Fightland

Meet Savoy Howe, Who's Changing Lives and Empowering Women Through Boxing

In this VICE Sports Q&A, we talk to Toronto boxing coach Savoy Howe about busting out of the boys' club, and training formerly meek women into beast mode.

Tiffy Thompson

Photo by Jacklyn Atlas

When Savoy Howe moved to Toronto from New Brunswick in the late 1980s to pursue her theatre degree, she also came out of the closet. New to the city and far from family, she wanted to learn some form of self-defense. "There were a lot of stories of gay-bashing back then," she says. "I didn't want to walk around afraid. I saw an image of a woman wearing boxing gloves and thought, 'OK, that's an option.' So I went to a few classes and got hooked."

Howe then started teaching boxing classes a few years later as a way to pay her bills. "I threw a bunch of posters up on a pole hoping I'd get like, two or three people who would pay me to teach 'em how to box. Within three months, 40 people showed up."

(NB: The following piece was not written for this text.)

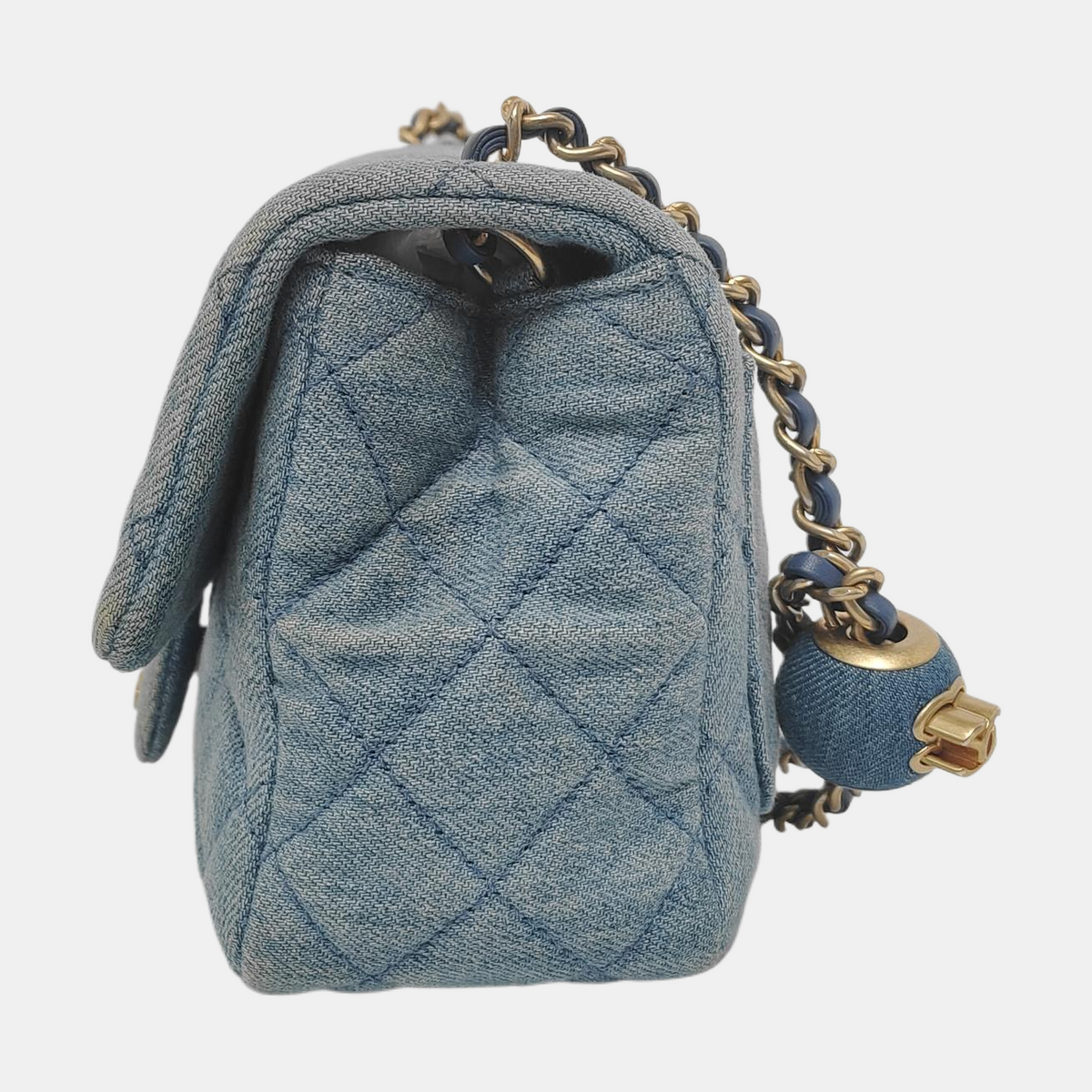 Chanel Classic Flap Mini Square Blue Denim Jeans Gold Hardware Microchip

Since then, the Toronto Newsgirls Boxing Club has grown from a small rented space inside men's gyms to a sprawling space where she runs three programs—recreational (for people who don't want to get punched in the head), amateur, and a free program for female-identified survivors of violence. The club has around 300 active members, with 3,000 graduates, most of whom are women and trans people. She has trained boxing coaches all over the world.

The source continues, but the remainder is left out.